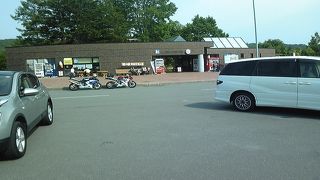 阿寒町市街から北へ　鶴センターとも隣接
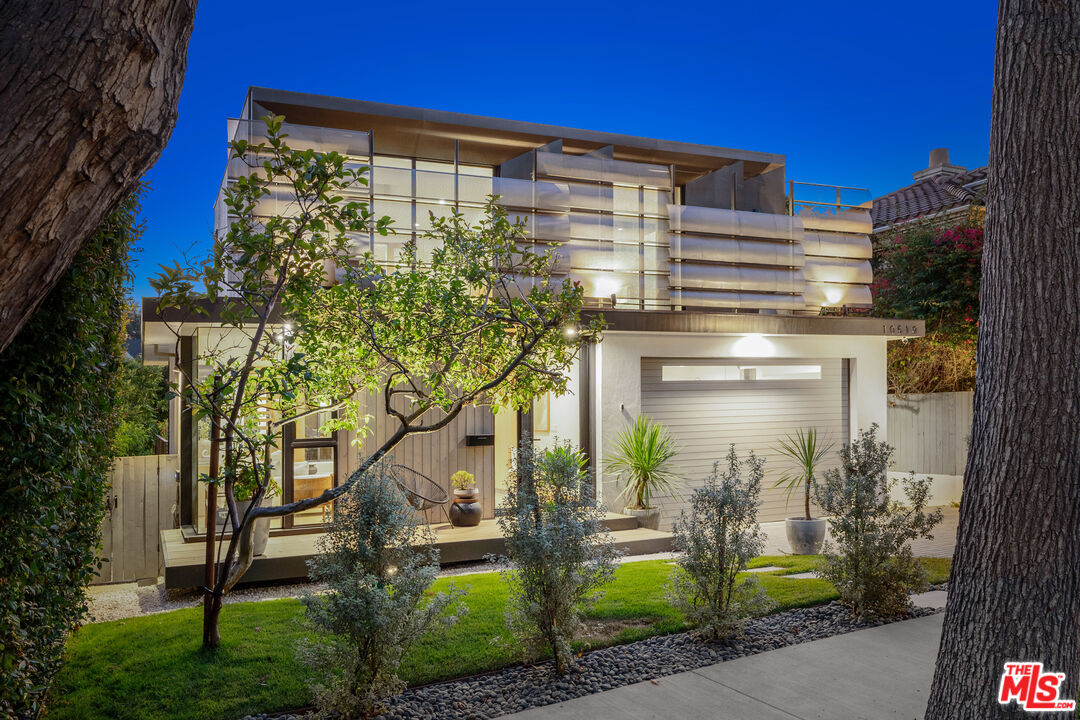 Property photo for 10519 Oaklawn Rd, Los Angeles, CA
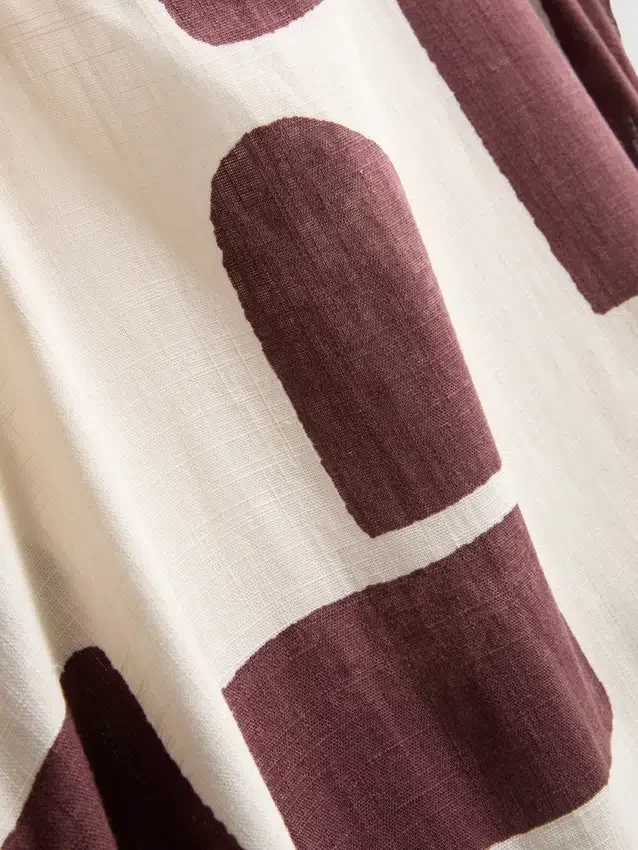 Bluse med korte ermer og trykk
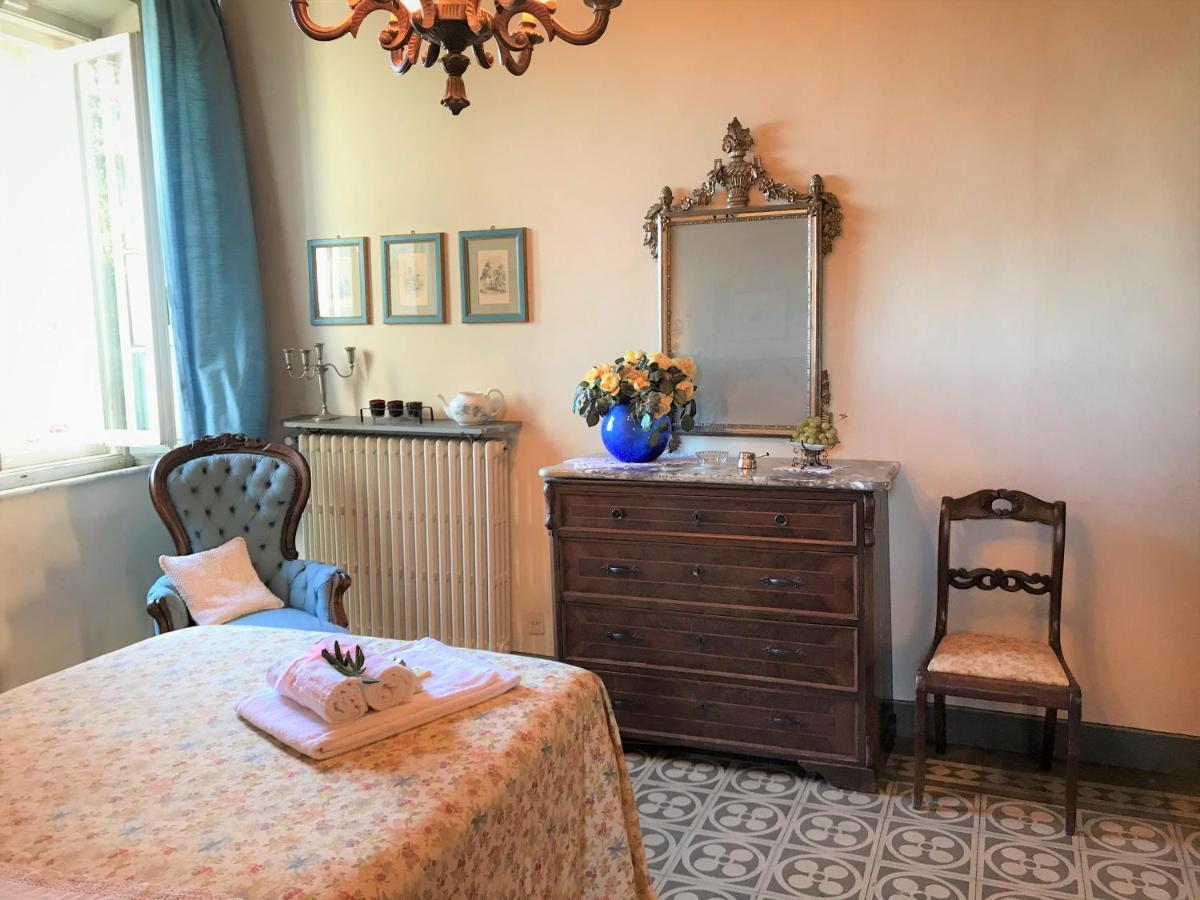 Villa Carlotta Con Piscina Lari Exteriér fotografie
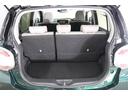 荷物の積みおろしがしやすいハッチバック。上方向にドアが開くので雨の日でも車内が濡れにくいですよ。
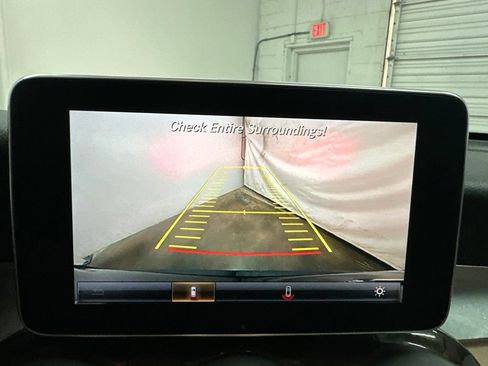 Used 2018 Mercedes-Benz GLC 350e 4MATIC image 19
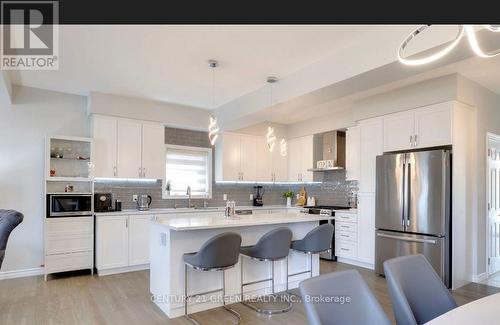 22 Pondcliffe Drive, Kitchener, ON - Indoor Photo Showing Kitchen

------------

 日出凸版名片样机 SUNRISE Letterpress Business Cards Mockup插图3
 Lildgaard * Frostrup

------------

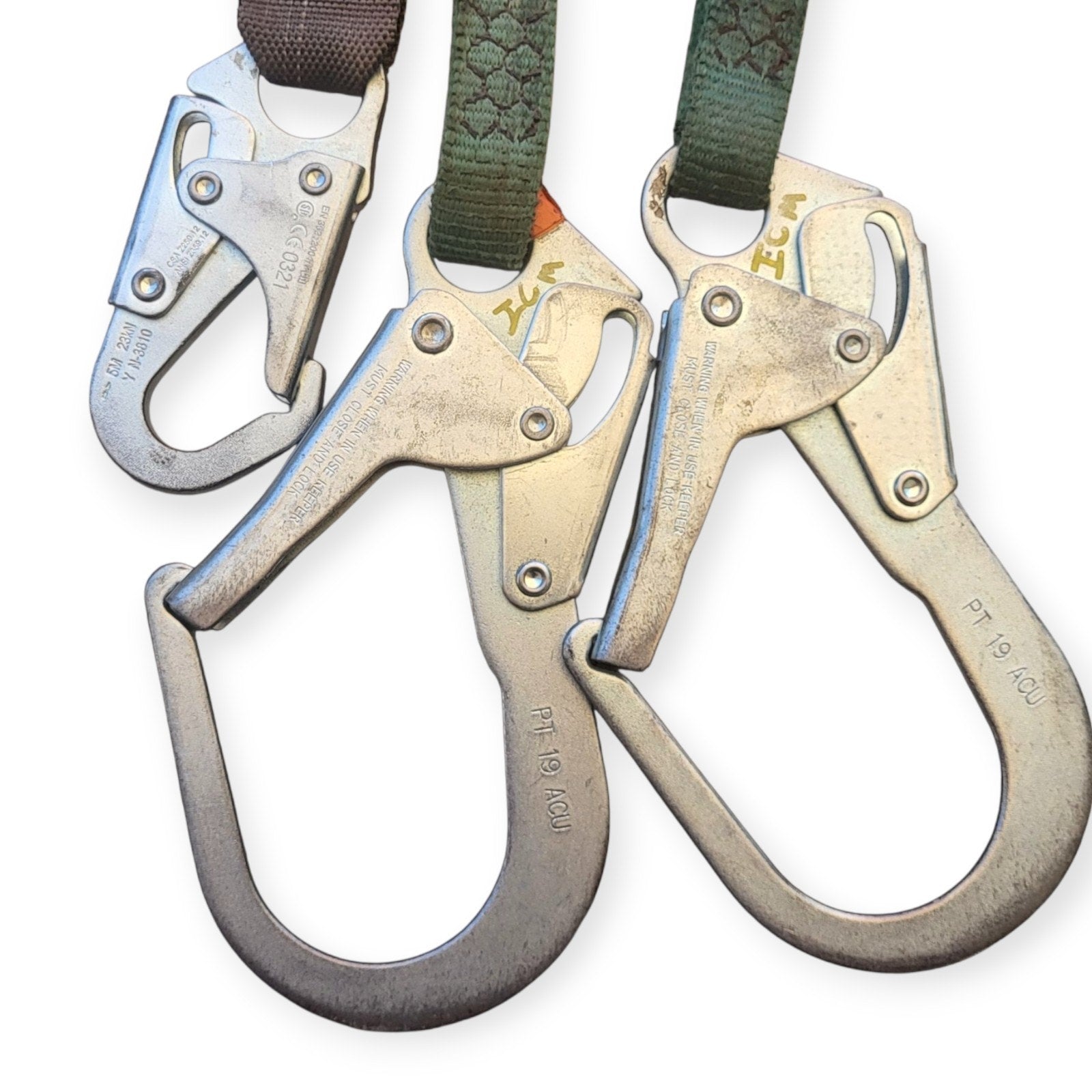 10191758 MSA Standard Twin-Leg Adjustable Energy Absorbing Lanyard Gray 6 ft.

------------

### Work instructions
Beginning with the line above that contains "阿寒町市街から北へ　鶴センターとも隣接" and finishing with the line that contains "22 Pondcliffe Drive, Kitchener, ON", print those lines exactly and only. Skip all pictures.

### Answer box
 阿寒町市街から北へ　鶴センターとも隣接
 Property photo for 10519 Oaklawn Rd, Los Angeles, CA
 Bluse med korte ermer og trykk
 Villa Carlotta Con Piscina Lari Exteriér fotografie
 荷物の積みおろしがしやすいハッチバック。上方向にドアが開くので雨の日でも車内が濡れにくいですよ。
 Used 2018 Mercedes-Benz GLC 350e 4MATIC image 19
 22 Pondcliffe Drive, Kitchener, ON - Indoor Photo Showing Kitchen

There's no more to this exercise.